Никто, конечно, не знал, что это она мне и подсказала сюжет…
Максим грустно улыбнулся, прощаясь со мной.
— Эх ты, сочинитель, — добродушно произнес он. — Я бы тебя за такую сказку по головке не погладил, но сейчас мне не до того. Учти, однако, что не все Спиридоны на один манер сделаны…
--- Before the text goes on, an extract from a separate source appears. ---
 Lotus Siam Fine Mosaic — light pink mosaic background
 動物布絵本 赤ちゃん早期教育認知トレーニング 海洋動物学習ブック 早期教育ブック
Уезжая, он заторопился, словно боялся, что опоздает на поезд, хотя времени было достаточно. Мать дала ему подводу и долго стояла на улице, как в памятный день, когда братья уезжали втроем. Как только подвода скрылась из виду, мать обернулась и с гордостью сказала:
— Теперь Максим обученный. — Она улыбнулась, хотя на глазах выступили слезы. — Его надо было только раскачать как следует. Знаешь, когда-то в церкви на колокольне такой колокол был — самый большой. Маленькие — те, чуть тронешь за веревку, уже и зазвонили. А этот как начнешь раскачивать… Зато, когда уже раскачаешь, такой гул пойдет — за сто верст слышно!